Your task – In the entries that follow, find the line containing "Detail of plush" and the line containing "Decorative metal container", then retype exactly the lines from the first through the second, pictures excluded.

[[ Material for this exercise, beginning ]]

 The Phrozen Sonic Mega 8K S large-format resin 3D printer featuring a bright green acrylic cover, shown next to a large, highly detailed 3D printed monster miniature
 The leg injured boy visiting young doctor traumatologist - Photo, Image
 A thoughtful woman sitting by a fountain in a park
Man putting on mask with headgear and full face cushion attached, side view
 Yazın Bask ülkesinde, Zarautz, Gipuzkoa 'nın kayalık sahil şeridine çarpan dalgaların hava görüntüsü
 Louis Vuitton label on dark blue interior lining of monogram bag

[[ Material for this exercise, end ]]
[[ Material for this exercise, beginning ]]

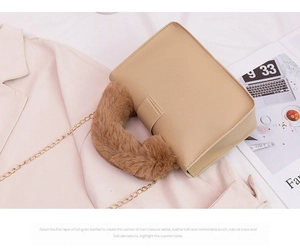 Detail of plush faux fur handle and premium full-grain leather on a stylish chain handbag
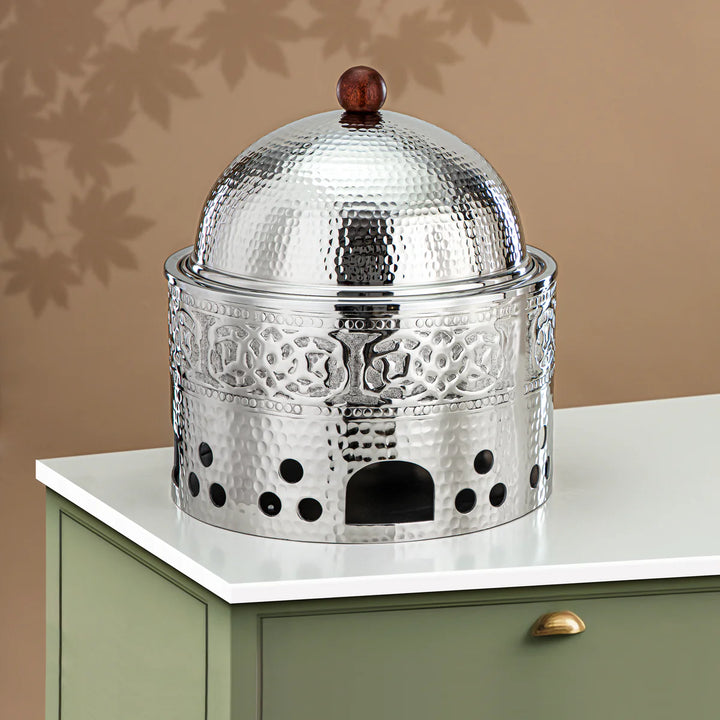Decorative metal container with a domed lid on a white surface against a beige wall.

[[ Material for this exercise, end ]]

Answer to this problem –
 Detail of plush faux fur handle and premium full-grain leather on a stylish chain handbag
Decorative metal container with a domed lid on a white surface against a beige wall.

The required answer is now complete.